For about six years, we have discussed the use of passwords. Or their lack of use! 🙁 Now we ask, are things better today? And we present the highlights from a new study on American password security .
In reverse order by age, we urge you to read at least a couple of these posts:
- Online Security Means Many Things
- Build Stronger Passwords NOW
- Avoid Risky Password Behavior
- Managing Your Passwords Well?
- More Hacker-Proof Passwords
- Is Your PIN Secure Enough?
- 20 Tips for Being Safer Online
From TechTarget — “A string of characters used to verify the identity of a user during the authentication process. Typically used in conjuncture with a username. Designed to be known only to the user. And allow that user to gain access to a device, application, or Web site. Passwords can vary in length. Further, they contain letters, numbers and special characters. When the password uses only numbers instead of a mix of characters, we call it a personal identification number.”
From Techopedia — “One of the most used tools with digital and computing appliances. Generally, used in combination with a user name. And in most cases, a person must provide both to gain access. In most applications and services, users create their passwords, sometimes for each different system or service used.”

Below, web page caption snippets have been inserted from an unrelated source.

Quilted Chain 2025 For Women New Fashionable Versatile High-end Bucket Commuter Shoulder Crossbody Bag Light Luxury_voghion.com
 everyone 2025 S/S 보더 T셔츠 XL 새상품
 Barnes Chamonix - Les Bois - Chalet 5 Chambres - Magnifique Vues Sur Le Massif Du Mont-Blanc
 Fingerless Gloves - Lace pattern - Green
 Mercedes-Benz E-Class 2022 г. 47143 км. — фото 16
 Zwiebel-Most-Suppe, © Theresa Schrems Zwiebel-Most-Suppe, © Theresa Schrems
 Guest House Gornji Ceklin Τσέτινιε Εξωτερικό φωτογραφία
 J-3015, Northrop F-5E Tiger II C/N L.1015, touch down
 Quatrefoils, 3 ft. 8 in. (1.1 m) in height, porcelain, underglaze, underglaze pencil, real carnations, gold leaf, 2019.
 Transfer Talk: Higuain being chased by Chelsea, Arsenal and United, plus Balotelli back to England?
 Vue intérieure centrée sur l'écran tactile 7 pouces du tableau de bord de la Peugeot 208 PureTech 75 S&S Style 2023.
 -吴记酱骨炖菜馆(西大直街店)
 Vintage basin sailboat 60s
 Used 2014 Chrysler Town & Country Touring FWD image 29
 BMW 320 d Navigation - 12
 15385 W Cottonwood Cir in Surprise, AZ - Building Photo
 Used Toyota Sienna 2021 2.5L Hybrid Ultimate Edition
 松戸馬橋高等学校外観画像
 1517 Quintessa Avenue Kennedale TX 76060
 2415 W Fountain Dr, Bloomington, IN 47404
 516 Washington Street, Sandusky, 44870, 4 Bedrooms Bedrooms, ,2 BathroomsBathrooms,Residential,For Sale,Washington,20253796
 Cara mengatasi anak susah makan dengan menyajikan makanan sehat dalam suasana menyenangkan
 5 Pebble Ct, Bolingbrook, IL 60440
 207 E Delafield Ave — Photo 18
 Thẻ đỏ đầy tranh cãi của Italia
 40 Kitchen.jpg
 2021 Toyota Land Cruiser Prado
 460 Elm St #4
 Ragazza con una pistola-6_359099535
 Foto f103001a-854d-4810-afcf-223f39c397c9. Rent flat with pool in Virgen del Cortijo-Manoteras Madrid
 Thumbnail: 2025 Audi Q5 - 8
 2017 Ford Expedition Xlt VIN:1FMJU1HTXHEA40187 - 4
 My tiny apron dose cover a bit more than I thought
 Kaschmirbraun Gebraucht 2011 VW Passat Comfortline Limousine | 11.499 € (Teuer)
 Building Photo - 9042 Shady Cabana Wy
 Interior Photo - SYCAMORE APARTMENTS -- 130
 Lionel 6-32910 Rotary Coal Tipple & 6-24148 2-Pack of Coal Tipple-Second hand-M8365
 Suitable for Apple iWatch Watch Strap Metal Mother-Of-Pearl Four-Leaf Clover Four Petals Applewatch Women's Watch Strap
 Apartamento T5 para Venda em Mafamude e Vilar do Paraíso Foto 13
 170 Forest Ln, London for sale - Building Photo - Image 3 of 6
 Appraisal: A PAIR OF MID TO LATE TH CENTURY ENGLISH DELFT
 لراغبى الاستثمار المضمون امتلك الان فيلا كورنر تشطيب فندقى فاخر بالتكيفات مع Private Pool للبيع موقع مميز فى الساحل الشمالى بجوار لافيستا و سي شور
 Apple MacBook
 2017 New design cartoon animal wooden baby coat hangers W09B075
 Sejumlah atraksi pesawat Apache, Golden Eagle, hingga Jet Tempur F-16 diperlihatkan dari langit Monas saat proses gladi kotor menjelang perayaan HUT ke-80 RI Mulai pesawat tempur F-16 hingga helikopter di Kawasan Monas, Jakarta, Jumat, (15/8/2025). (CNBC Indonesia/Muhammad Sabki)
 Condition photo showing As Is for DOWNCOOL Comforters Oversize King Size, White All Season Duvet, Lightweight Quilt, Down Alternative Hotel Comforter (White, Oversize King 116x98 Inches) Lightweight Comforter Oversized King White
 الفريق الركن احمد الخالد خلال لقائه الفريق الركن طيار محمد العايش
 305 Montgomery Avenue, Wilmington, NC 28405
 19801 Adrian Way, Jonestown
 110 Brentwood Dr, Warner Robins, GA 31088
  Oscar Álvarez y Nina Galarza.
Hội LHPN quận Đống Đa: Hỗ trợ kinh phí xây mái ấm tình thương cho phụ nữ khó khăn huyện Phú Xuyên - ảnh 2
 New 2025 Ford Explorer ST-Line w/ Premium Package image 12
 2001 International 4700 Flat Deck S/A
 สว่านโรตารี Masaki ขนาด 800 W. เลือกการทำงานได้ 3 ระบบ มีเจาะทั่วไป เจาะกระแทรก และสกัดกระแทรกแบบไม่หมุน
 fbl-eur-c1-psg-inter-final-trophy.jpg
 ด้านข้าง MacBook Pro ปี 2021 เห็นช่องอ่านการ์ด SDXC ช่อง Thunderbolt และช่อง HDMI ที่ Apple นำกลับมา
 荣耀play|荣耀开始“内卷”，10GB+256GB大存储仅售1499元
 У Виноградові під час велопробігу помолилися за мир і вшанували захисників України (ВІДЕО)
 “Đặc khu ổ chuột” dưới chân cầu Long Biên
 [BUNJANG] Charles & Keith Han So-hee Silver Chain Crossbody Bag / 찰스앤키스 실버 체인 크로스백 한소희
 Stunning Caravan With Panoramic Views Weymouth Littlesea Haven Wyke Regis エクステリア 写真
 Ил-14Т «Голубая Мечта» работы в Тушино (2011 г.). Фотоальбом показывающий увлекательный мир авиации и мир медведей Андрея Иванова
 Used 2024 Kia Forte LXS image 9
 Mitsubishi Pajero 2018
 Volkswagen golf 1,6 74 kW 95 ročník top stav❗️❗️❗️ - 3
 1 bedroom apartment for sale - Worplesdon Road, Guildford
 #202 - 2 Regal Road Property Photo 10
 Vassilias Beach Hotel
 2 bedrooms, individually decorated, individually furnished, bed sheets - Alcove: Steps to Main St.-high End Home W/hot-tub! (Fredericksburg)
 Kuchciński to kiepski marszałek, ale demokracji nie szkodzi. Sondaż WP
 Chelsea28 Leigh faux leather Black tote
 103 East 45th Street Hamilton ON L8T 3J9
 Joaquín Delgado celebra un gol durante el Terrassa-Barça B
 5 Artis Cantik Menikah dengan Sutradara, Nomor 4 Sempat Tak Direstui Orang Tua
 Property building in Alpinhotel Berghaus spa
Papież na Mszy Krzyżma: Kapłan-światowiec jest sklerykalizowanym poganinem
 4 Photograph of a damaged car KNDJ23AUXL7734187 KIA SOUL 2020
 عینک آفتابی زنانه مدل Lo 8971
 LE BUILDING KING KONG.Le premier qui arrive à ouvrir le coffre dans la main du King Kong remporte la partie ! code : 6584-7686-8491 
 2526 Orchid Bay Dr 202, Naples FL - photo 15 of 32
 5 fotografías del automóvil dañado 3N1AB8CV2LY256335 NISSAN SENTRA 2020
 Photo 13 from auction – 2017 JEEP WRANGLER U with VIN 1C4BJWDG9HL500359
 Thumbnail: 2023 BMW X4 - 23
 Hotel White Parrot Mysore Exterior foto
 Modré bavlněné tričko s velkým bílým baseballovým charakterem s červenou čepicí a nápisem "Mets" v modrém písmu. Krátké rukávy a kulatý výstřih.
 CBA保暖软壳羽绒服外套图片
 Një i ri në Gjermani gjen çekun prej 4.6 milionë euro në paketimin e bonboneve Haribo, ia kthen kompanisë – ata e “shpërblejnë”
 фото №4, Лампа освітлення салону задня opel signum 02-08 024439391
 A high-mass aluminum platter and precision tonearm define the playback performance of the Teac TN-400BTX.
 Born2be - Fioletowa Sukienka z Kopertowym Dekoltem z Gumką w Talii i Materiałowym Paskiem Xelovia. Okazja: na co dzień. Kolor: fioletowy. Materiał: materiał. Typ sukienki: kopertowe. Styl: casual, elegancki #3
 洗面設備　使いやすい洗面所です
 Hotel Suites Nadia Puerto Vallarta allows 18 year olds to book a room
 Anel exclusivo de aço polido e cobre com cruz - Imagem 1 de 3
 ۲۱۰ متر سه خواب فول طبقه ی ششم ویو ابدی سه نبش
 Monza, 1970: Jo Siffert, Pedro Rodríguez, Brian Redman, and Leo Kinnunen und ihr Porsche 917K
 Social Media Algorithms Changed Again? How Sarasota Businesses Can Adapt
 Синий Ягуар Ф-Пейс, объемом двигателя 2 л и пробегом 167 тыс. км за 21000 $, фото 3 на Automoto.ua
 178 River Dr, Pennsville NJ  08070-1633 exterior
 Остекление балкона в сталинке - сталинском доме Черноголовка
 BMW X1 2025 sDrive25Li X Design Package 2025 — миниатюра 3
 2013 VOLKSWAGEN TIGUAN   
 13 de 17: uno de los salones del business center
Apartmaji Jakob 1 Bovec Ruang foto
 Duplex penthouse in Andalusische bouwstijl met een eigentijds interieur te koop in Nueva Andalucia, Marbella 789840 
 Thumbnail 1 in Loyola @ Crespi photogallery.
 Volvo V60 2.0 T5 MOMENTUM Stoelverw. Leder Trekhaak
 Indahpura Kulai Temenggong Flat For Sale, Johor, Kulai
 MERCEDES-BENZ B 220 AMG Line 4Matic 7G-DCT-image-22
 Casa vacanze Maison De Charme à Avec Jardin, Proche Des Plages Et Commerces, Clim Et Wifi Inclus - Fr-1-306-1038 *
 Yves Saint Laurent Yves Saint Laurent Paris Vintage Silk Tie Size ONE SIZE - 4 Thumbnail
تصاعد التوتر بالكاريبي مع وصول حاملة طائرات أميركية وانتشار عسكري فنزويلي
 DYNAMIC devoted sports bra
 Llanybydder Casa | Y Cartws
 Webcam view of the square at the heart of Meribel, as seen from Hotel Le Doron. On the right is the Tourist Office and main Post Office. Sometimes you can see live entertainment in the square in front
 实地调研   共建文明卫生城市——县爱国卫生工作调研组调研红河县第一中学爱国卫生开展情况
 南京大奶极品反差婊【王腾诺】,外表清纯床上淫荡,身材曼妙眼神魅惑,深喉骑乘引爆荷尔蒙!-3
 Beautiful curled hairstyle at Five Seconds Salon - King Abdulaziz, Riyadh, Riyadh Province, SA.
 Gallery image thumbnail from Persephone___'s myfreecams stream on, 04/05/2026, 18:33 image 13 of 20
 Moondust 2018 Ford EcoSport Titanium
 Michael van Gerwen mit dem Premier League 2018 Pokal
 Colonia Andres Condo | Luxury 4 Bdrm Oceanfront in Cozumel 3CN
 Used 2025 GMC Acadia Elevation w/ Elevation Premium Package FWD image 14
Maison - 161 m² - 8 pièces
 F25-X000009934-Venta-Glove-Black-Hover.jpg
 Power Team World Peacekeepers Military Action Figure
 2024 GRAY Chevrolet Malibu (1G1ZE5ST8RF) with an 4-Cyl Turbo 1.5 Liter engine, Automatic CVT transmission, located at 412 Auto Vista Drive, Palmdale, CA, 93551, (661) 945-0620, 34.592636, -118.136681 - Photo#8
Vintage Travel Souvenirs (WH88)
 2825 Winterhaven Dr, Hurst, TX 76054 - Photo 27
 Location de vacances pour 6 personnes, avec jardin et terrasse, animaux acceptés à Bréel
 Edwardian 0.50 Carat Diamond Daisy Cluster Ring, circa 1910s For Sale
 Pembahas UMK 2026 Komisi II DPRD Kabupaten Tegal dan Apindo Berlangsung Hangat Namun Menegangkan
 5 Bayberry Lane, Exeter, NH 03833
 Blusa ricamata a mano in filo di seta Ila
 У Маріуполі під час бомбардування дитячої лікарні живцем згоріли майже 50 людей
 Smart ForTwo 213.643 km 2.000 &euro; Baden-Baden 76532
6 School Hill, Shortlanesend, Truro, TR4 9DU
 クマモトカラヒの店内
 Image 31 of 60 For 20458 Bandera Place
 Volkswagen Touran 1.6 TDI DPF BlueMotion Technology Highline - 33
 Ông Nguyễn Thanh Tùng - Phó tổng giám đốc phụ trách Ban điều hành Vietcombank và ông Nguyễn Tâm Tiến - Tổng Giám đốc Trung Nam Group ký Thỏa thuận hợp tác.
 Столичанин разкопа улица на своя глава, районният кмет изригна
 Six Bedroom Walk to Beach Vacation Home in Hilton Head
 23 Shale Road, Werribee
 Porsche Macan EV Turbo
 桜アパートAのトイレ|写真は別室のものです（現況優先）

New Study on American Password Security
Given the constant cybertheft of both people’s and company information, how much do we care about password security?
To address this subject, Varonis (a security firm) surveyed Americans. As Rob Sobers reports:
“While cyberattacks are top-of-mind for many Americans, first-hand experiences and worry about imminent attacks doesn’t seem to get people to change their digital habits. The Pew Research Center reports that the majority of Americans have personally experienced a major data breach and even anticipate an attack within the next five years. Yet, most adults surveyed still seem largely unconcerned with personal password safety.”
“The most common reason users change their passwords is because they’ve simply forgotten their current one. Half of people surveyed cited this as the most common reason to change a password. In contrast, despite the increasing amount of hacks in the news cycle, only 1 in 5 Americans said they change their password as a result of a hack in the news.”